══ Extracted data ══
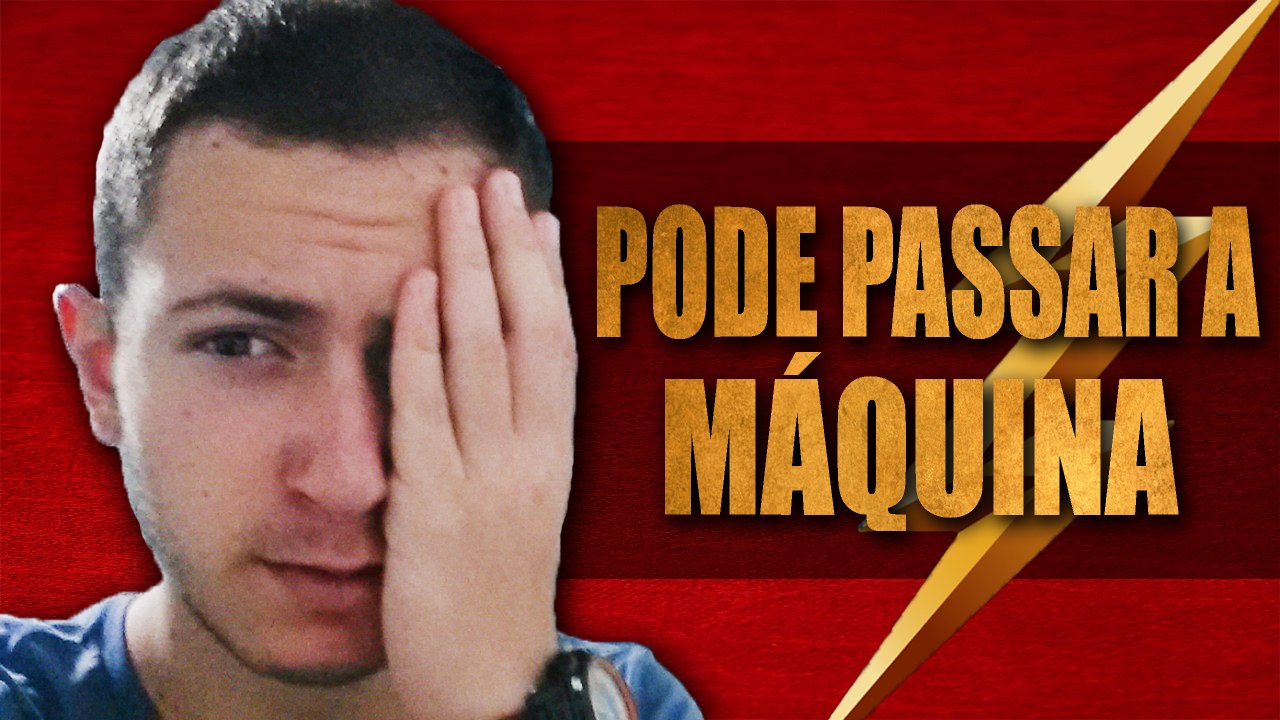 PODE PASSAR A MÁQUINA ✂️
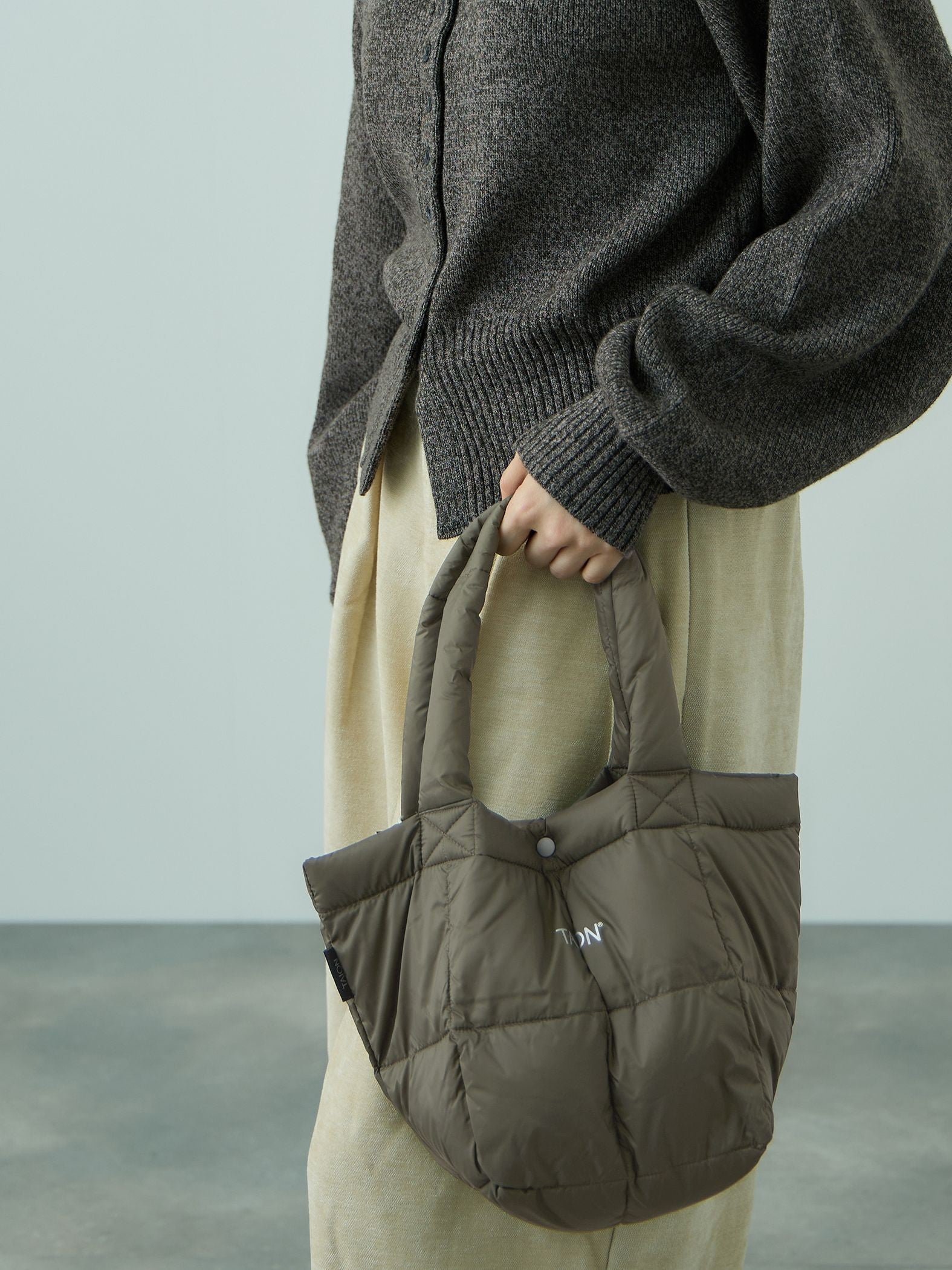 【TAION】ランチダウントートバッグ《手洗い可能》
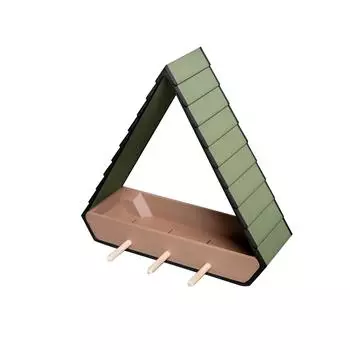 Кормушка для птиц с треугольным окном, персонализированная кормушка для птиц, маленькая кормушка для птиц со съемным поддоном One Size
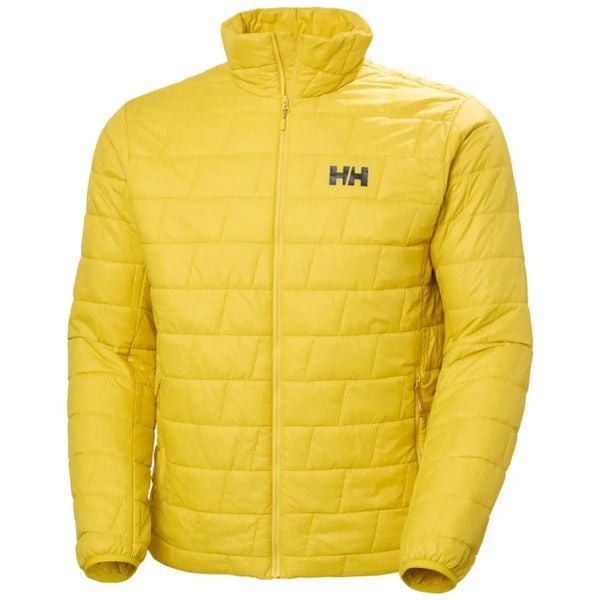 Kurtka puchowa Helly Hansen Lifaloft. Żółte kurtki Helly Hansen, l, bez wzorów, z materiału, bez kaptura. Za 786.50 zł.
═══
══ Extracted data ══
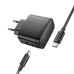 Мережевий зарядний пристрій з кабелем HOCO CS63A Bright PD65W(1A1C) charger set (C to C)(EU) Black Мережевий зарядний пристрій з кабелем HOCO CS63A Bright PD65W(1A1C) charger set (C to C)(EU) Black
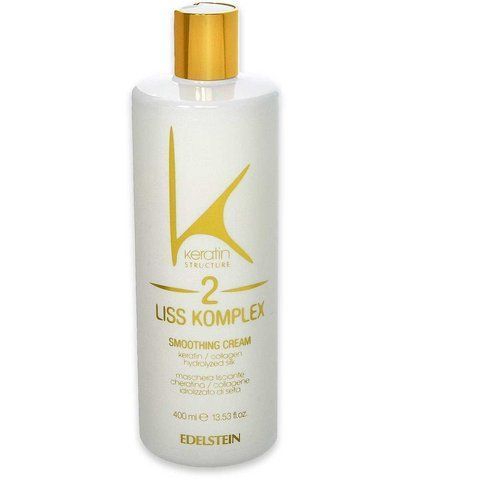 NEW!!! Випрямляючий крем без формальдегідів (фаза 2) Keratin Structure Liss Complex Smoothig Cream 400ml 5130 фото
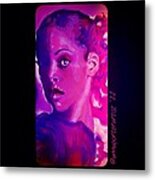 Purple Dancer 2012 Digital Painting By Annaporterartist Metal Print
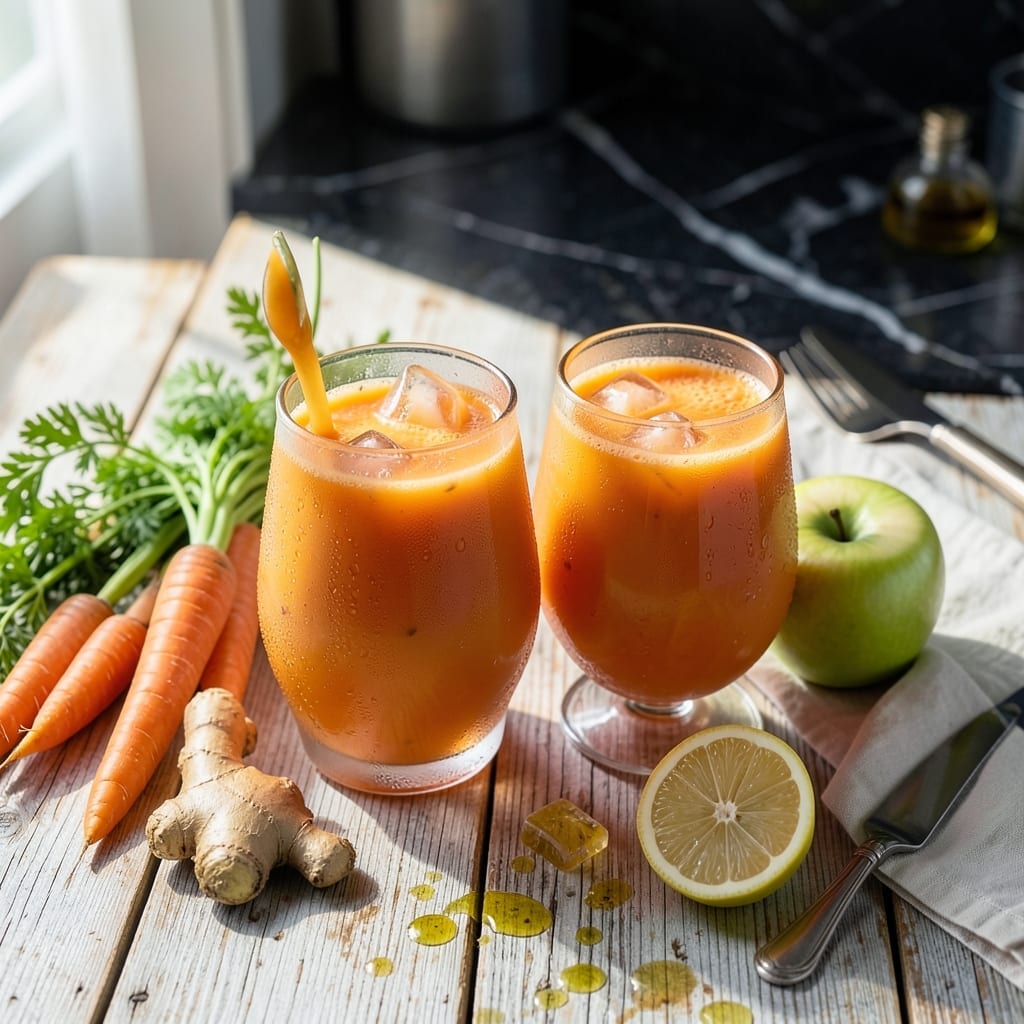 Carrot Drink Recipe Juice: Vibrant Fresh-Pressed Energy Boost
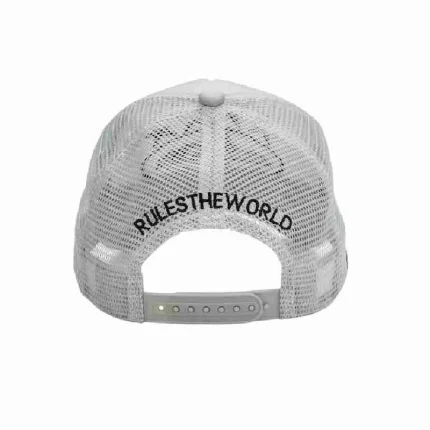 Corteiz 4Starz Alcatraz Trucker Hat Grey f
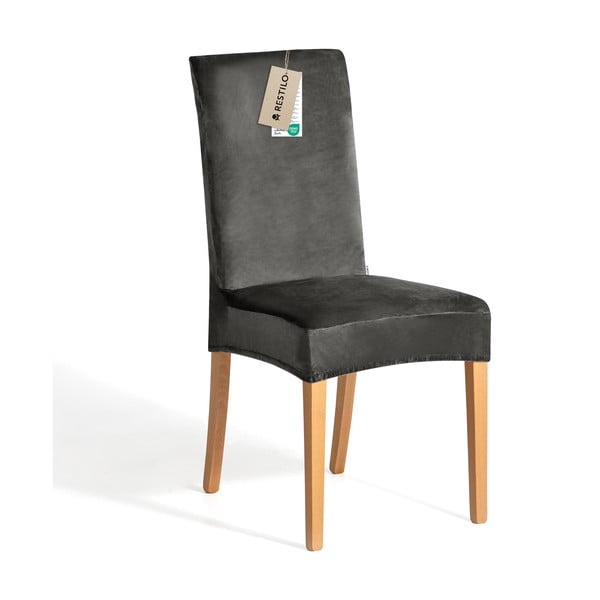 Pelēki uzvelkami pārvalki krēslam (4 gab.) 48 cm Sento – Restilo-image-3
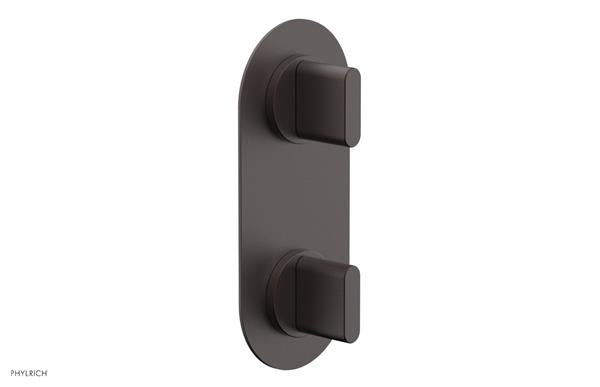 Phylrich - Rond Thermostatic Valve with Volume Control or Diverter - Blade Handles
═══
> _Directions for this task_:
Beginning at the line above that contains "Кормушка для птиц с треугольным", repeat each line exactly through the one that contains "Kurtka puchowa Helly", and leave out the pictures.

> _Result below_:
 Кормушка для птиц с треугольным окном, персонализированная кормушка для птиц, маленькая кормушка для птиц со съемным поддоном One Size
 Kurtka puchowa Helly Hansen Lifaloft. Żółte kurtki Helly Hansen, l, bez wzorów, z materiału, bez kaptura. Za 786.50 zł.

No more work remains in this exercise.